**Directions for this task**
Narrow the data below down to the lines containing "Leather".

**Excerpted records**
======

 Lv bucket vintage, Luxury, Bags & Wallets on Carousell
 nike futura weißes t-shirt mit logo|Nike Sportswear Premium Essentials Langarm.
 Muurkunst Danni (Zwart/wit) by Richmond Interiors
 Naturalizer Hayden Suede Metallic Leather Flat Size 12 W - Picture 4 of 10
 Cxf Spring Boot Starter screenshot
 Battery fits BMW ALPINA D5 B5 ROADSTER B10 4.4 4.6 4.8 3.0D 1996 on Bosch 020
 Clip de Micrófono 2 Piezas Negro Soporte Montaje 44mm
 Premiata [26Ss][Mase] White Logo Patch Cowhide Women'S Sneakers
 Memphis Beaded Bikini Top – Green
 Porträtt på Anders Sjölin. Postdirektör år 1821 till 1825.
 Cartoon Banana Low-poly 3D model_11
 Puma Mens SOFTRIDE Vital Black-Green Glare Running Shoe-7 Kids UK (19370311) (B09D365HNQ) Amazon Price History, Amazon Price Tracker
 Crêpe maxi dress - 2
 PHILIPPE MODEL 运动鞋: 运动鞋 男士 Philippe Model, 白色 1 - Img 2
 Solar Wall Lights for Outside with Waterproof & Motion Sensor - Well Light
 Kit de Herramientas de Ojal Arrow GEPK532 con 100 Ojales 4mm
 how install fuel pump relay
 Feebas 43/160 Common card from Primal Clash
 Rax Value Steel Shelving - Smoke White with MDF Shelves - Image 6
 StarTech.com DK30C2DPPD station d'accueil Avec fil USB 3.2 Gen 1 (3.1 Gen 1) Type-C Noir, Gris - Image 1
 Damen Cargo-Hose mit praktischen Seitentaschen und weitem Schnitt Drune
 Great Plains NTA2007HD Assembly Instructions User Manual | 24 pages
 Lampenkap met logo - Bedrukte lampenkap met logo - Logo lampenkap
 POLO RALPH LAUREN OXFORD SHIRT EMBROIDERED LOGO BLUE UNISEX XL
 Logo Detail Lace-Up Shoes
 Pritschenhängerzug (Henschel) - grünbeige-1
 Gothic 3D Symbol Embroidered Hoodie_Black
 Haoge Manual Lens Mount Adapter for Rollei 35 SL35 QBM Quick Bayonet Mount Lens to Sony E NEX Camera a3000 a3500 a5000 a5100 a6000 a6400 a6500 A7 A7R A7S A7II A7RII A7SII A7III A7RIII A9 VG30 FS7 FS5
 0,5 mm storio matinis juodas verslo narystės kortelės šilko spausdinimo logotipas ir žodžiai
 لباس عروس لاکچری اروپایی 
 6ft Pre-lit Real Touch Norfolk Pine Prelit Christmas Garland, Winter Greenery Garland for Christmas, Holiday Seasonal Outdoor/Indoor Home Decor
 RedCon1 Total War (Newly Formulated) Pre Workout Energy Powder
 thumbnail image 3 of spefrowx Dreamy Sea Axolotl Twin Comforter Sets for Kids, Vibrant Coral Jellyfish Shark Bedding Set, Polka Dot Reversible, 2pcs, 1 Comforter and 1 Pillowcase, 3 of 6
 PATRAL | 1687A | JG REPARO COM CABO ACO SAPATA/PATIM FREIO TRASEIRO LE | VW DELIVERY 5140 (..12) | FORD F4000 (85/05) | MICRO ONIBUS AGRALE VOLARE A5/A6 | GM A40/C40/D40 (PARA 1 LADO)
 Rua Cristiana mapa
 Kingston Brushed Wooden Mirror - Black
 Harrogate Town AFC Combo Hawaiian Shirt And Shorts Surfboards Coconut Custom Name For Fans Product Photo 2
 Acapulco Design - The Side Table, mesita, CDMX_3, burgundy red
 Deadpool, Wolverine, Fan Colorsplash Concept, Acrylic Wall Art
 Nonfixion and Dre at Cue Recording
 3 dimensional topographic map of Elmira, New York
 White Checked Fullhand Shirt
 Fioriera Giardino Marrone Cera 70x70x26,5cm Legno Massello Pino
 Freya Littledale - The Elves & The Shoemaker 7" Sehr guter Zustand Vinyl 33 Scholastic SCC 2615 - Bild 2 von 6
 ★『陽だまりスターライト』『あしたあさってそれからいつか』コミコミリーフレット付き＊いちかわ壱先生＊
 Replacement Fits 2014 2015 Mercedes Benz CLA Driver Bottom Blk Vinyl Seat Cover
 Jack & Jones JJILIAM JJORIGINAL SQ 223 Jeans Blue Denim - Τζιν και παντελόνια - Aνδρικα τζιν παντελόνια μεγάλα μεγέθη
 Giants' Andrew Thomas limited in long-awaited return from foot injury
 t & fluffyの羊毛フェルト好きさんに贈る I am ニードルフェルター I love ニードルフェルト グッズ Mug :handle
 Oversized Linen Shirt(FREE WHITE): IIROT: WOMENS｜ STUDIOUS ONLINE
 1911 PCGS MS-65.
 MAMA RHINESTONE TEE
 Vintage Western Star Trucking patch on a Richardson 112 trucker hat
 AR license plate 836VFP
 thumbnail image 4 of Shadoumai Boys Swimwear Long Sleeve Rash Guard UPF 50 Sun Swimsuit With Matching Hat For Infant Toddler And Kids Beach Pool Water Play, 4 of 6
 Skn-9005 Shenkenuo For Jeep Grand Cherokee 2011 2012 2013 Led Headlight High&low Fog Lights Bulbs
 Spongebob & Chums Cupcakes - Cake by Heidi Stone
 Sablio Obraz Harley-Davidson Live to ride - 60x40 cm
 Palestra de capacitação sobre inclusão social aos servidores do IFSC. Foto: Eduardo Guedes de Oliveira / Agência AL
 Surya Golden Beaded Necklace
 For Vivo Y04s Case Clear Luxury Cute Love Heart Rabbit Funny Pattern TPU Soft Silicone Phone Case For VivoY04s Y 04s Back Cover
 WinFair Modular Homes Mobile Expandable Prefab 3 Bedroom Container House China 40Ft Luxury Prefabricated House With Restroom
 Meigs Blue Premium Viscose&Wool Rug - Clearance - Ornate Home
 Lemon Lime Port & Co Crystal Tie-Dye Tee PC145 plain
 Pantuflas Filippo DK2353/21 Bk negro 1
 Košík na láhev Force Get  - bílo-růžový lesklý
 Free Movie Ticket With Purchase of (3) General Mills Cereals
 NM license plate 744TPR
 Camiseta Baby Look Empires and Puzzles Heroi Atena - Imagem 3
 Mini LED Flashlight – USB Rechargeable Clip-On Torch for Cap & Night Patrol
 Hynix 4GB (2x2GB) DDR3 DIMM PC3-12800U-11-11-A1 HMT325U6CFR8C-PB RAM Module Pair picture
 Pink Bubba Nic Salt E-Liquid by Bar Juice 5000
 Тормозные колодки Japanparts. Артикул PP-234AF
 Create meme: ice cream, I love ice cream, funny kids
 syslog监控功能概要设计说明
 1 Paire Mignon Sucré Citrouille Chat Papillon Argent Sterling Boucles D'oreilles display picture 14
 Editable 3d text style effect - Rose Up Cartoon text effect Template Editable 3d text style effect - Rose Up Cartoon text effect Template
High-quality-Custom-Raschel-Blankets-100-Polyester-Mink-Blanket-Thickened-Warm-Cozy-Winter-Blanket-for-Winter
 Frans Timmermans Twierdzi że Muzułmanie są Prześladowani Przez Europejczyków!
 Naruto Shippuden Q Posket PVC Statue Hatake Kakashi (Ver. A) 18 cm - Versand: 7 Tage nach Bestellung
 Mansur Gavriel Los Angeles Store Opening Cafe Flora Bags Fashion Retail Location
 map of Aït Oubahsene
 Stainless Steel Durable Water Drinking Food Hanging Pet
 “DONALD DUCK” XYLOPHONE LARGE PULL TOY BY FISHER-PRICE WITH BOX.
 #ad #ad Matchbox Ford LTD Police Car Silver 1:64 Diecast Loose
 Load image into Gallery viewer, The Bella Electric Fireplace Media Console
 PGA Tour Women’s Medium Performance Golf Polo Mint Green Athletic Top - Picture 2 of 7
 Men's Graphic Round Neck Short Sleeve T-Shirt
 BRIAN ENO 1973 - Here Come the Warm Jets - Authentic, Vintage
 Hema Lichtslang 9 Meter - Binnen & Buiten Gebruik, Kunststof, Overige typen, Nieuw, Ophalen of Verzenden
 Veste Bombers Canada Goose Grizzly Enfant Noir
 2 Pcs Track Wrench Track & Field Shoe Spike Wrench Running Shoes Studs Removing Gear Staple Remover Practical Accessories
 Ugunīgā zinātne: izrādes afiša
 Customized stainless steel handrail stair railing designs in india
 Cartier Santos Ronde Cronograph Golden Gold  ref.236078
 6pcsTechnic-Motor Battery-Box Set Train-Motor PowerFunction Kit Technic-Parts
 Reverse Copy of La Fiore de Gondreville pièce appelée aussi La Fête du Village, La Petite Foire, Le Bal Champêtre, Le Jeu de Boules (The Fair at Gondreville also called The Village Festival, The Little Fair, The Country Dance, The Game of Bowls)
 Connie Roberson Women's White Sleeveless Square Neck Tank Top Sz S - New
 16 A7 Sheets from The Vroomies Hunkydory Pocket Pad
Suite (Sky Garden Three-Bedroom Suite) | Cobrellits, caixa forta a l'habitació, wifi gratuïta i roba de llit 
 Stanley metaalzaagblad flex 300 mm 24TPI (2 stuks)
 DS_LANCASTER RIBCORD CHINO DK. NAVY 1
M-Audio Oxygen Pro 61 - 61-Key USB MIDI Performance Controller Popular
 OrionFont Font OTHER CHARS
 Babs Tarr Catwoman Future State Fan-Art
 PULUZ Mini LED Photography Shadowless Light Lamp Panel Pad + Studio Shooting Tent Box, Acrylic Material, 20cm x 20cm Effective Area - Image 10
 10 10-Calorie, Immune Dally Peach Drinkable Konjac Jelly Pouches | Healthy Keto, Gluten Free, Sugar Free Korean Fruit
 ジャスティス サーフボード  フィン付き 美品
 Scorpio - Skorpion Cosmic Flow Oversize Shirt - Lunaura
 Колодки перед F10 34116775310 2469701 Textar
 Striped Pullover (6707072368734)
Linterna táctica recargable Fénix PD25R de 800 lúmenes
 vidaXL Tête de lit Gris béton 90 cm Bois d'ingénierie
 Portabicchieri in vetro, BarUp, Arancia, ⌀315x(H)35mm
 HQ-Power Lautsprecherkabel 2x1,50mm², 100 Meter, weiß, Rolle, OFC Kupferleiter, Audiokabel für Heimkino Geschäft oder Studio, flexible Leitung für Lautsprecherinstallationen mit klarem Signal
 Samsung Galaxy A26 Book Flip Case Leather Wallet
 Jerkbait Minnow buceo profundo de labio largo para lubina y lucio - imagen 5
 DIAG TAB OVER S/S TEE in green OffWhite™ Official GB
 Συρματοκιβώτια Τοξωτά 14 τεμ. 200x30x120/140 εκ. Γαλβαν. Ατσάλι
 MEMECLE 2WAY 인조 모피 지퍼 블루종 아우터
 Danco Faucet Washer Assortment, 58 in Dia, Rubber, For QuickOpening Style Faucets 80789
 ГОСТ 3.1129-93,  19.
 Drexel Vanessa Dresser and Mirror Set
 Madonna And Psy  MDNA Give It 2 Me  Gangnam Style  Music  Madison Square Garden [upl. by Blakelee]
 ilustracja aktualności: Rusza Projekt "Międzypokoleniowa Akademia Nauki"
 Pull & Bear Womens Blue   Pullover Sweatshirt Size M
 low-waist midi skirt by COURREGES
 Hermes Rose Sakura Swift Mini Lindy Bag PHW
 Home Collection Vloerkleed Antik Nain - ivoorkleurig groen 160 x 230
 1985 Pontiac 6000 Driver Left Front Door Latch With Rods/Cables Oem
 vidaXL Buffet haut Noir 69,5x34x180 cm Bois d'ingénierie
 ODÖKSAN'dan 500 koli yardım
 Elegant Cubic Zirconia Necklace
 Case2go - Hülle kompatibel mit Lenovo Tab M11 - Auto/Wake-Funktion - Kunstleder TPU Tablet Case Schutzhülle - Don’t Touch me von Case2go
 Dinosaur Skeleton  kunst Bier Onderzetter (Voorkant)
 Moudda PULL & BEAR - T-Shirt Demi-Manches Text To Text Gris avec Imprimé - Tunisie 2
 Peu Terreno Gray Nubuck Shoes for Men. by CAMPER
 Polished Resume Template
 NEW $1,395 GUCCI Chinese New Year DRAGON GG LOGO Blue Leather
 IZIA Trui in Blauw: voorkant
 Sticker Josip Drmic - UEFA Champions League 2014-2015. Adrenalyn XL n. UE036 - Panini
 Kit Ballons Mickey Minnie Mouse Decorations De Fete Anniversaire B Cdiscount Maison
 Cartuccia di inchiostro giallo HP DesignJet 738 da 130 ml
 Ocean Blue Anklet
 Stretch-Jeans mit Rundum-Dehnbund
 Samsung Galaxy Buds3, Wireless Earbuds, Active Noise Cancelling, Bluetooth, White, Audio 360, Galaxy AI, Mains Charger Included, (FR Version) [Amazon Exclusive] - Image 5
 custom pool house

======

**Response to this exercise**
 Naturalizer Hayden Suede Metallic Leather Flat Size 12 W - Picture 4 of 10
 Samsung Galaxy A26 Book Flip Case Leather Wallet
 NEW $1,395 GUCCI Chinese New Year DRAGON GG LOGO Blue Leather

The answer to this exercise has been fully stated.